5. It appears, that after the withdrawal of the writ petition, the respondents (plaintiffs) filed Special Civil Suit No.151/2001 before the Court of Civil Judge (S.D.), Surat alongwith an application Ex.5 and obtained ex parte stay on 9-4-2001 though there was caveat by the present appellants. The said injunction was made absolute after hearing both the sides by the learned trial Judge by an order dated 18-5-2001. The same is challenged in this Appeal.

6. Learned counsel Shri Soni for the appellants vehemently submitted that the respondents (plaintiffs) deliberately not brought to the notice of the trial Court about the filing of the writ petition and its withdrawal in the plaint filed by them, and the said fact was brought to the notice of the trial Court by the defendants in their reply. It is true that for the reasons best known to them, the original plaintiffs have not stated this fact in their plaint filed before the Civil Court after withdrawing the writ petition from this Court. However, in my considered opinion, it would not make much difference in the matter, because they were granted permission to withdraw the petition with a view to file suit, and more particularly, when the defendants were also appearing before the Civil Court by way of caveat. Thus, the submission of Shri Soni that as the plaintiffs have not come before the Court with clean hands, therefore, they were not entitled for interim order has no substance and accordingly it is rejected.

7. However, there is a lot of substance in the second submission made by Shri Soni that once the Revenue Court (i.e. Mamlatdar) passed an order which has been confirmed in revision by the Revisional Authority, then in a suit, Civil Court should not have granted atleast interim injunction.
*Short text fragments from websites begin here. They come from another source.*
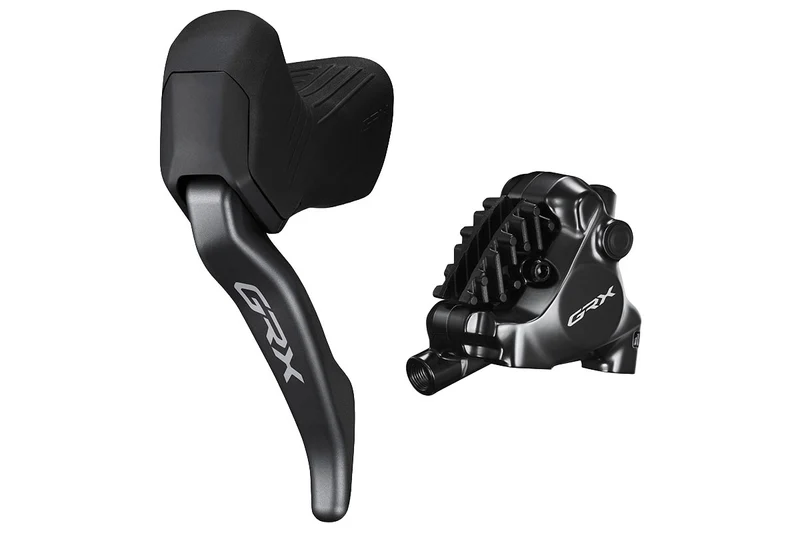 Shimano GRX BL-RX825 GRX Hydraulic Disc Brake Lever Bled with BR-RX820 Calliper, Left Rear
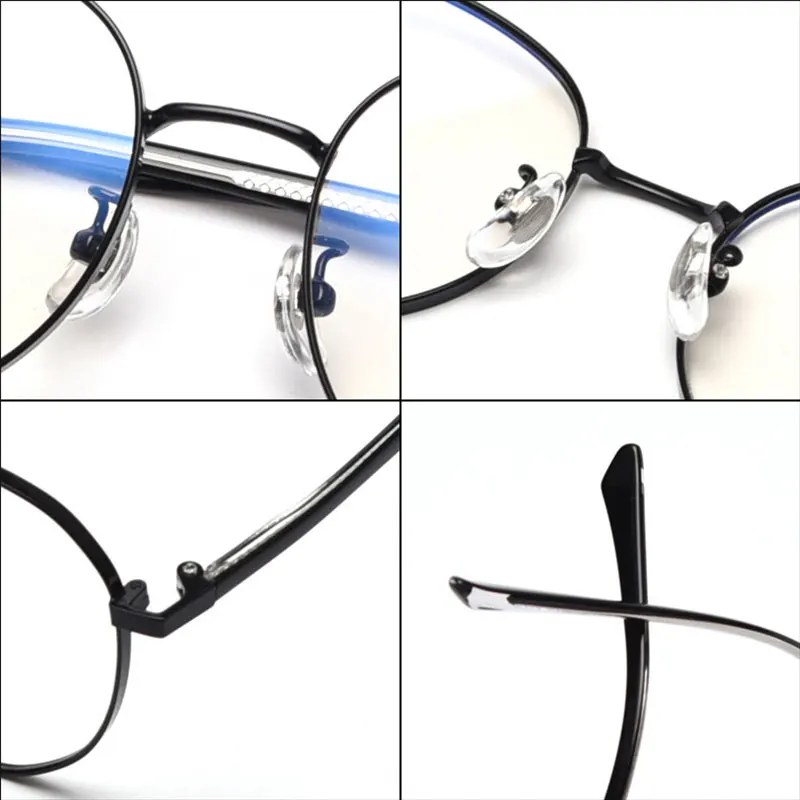 Мужские и женские очки для чтения круглые компьютерные в оправе из сплава с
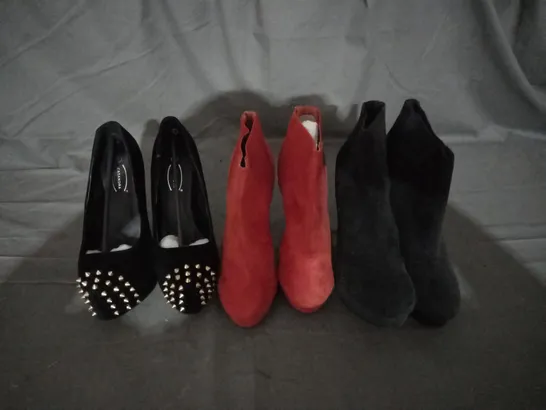 APPROXIMATELY 10 PAIRS OF ASSORTED SHOES IN VARIOUS STYLES AND SIZES 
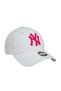 White Hat - Wmns Metallic Logo 9Forty New York Yankees - 3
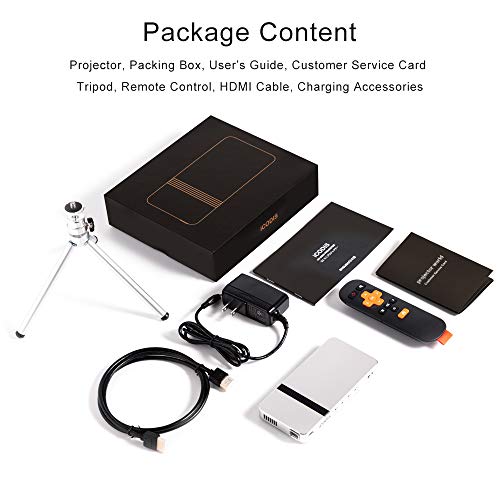 iCODIS G2 Mini Projector, DLP Supports Full HD 1080P, 150 ANSI Lumens Pico Video Projector, Auto Keystone Correction, Portable Size & 120" Display, 20,000 Hours LED for Multimedia Home Theater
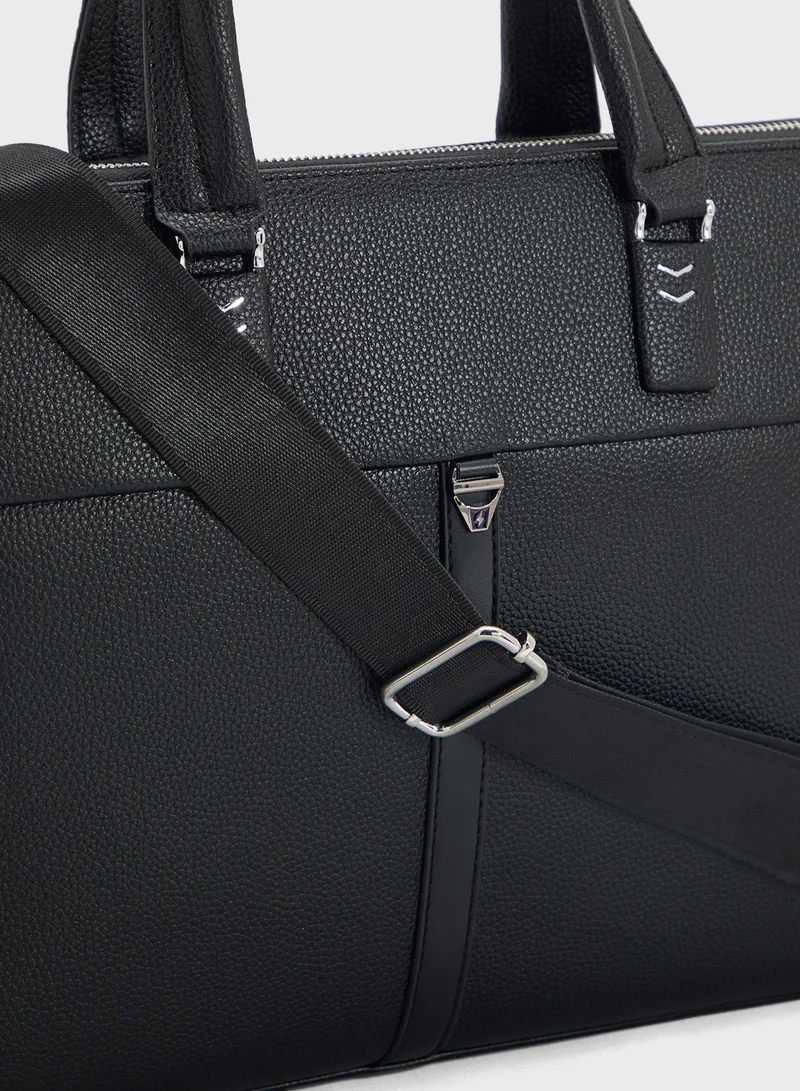 Robert Wood Grain Texture Office Laptop Bag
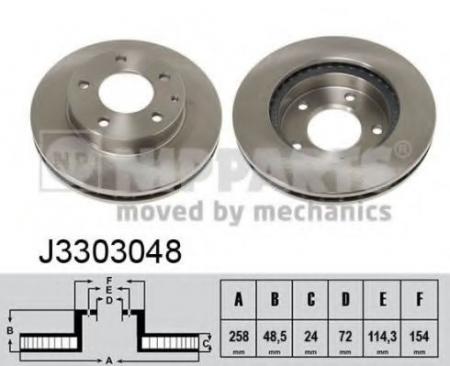   MAZDA 626 1.8-2.0 91-02/PREMACY 1.8-2.0 99-  J3303048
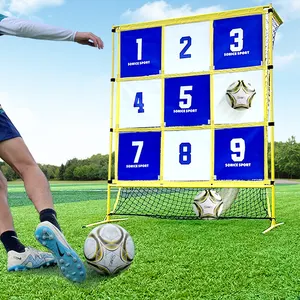 Hoja de objetivo personalizada Super 3*3, objetivo de entrenamiento de fútbol múltiple, portería de fútbol portátil, portería de tiro de fútbol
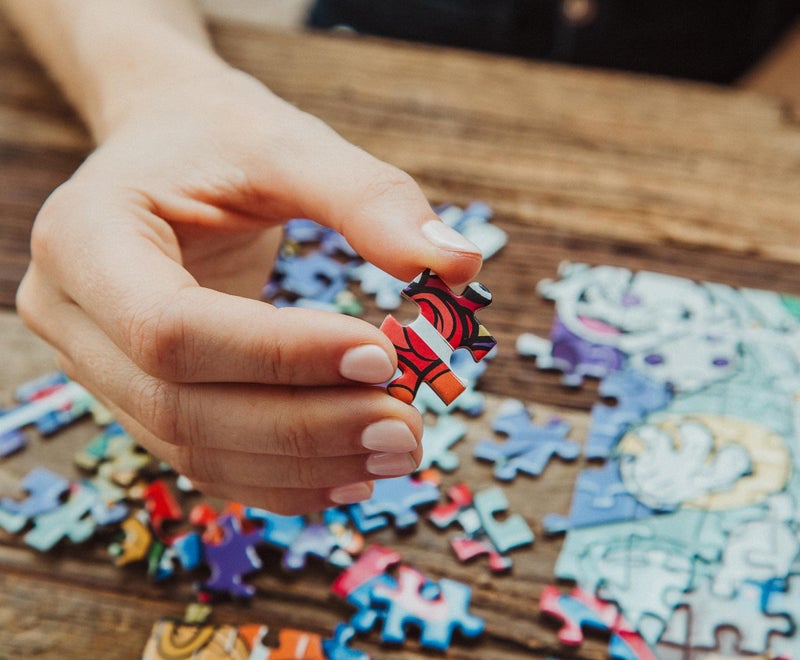 Toynk لعبة بازل كوبهيد وموجمان 1000 قطعة، تحدي ذهني للأطفال والبالغين | 28 × 20 بوصة - Image 5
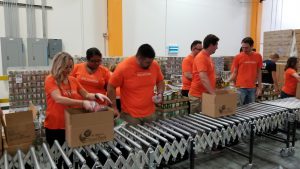 U-Haul volunteer day for Hunger Action Month at St. Mary's Food Bank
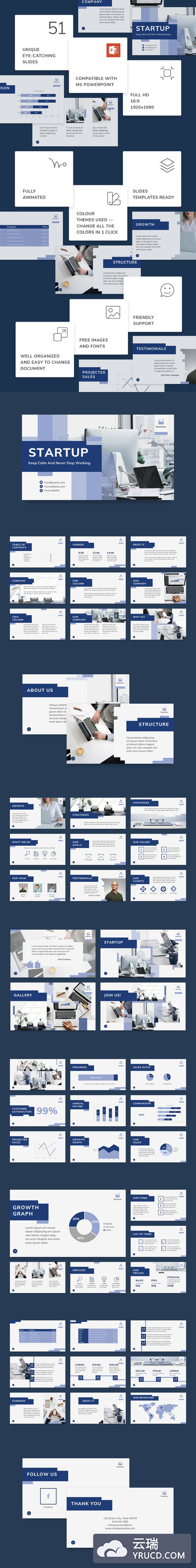 高端的商业计划书模板PPT下载[PPTX]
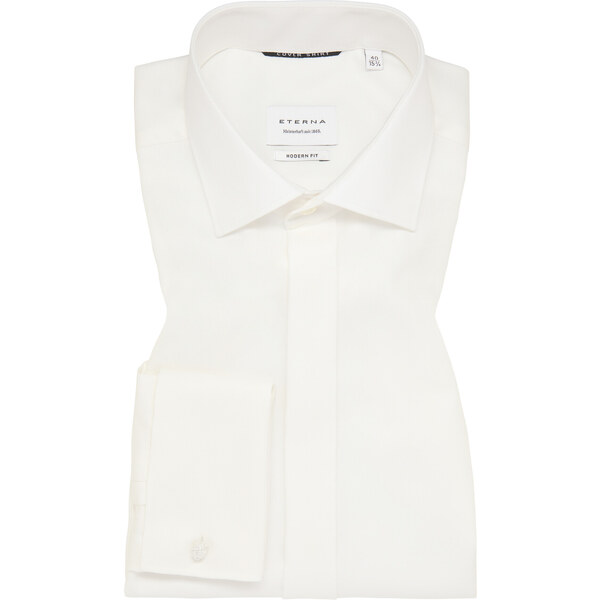 Svadobná ETERNA Modern Fit Champagne nie presvitajúca košeľa dlhý 46385364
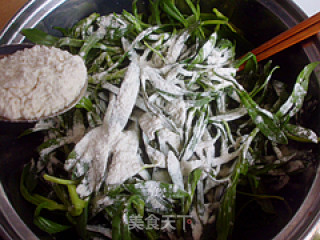 粉蒸面条菜的做法步骤：4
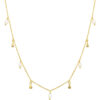 Claudia Bradby Lagertha Gold Drop Choker Necklace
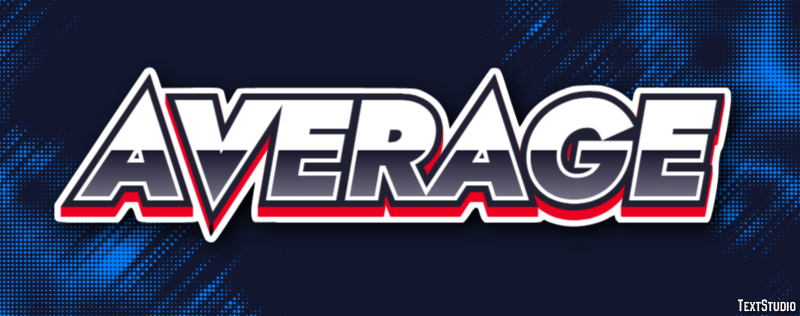 Average Text Effect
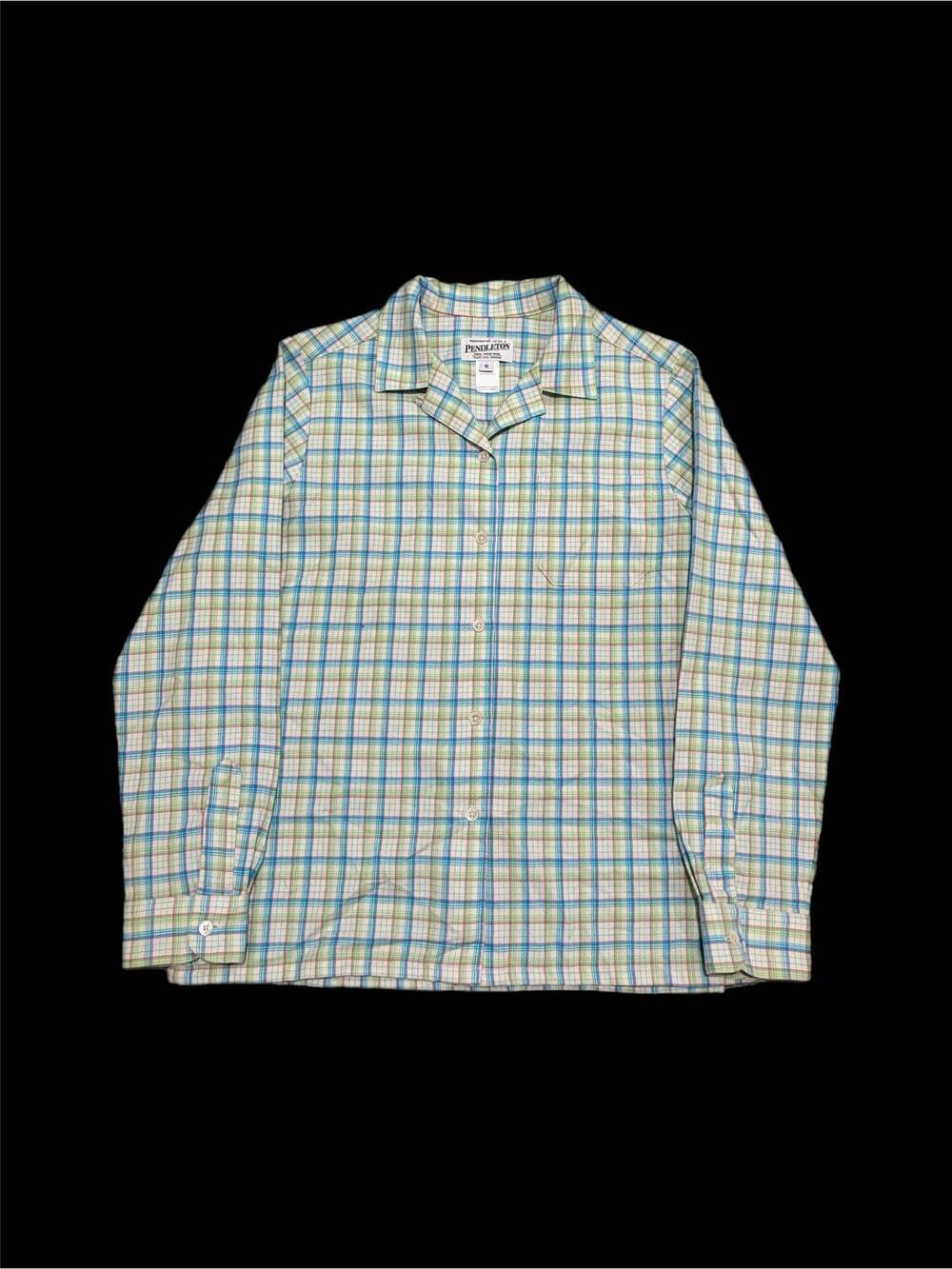 Pendleton 100% Virgin Wool Plaid Button Down Shirt Size M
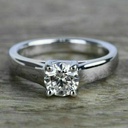  Round Cut Moissanite 4 Prong Solitaire Engagement Ring 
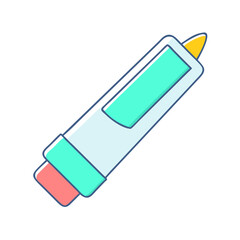 glue stick icon, glue stick vector illustration-simple illustration of glue stick, perfect for glue stick logos and icons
In support of his submission, he has placed reliance upon sec.22 of the Mamlatdar’s Courts Act. Having carefully gone through the impugned order passed by the learned Judge, it appears that without any concrete material on record, the learned Judge has jumped to the conclusion that there was collusion between defendant no.1 and defendant nos.2 to 7. Unfortunately, the learned Judge has not at all given any importance to the judicial orders passed by the Revenue Courts (i.e. Mamlatdar) and the Revisional Authority. In Revenue matters, the orders passed by the Revenue Courts are to be respected. However, it was vehemently submitted by the Senior Counsel Mrs.Mehta, that in collusion the defendant no.1 and defendant nos.2 to 7 obtained orders from the Mamlatdar and the Revisional Court. This submission of Mrs.Mehta can not be accepted for the simple reason that before execution of sale-deed by the defendant nos.2 to 7 in favour of the plaintiffs, the suit was already filed by the original defendant no.1.

8. Mrs.Mehta then submitted that, after the sale deed was executed in their favour, the plaintiffs have put up the gate on the plot in question and they are cultivating the land where there is standing crop, therefore, if the injunction granted by the trial Court is vacated then that will cause irreparable loss to them. Gate was there or not at the time of execution of sale deed has to be decided. However, at the cost of repeatation, I may state that when the Revenue Authorities have found that there was a way then it has to be kept open. It is true that presently there may be standing crop, but a care may be taken of it by observing that the plaintiffs may be allowed to take the crop and thereafter, they may keep the way open till the final disposal of the suit.

9. In view of the above discussions, this Appeal is allowed and the impugned order dated 18-5-2001 passed by the learned Third Joint Civil Judge (S.D.), Surat below Application Ex.5 filed in Special Civil Suit No.151/2001 confirming the earlier ex parte order of status quo dated 9-4-2001 is hereby quashed and set aside and the application filed by the respondents (original plaintiffs) is hereby dismissed with no order as to cost.

10. At this stage, an unusual request is made by Mrs.Mehta for the respondents to continue the status quo for a period of six weeks. When no status quo was granted by this Court, then there is no question of continuing the same for a period of six weeks, hence, the request is rejected.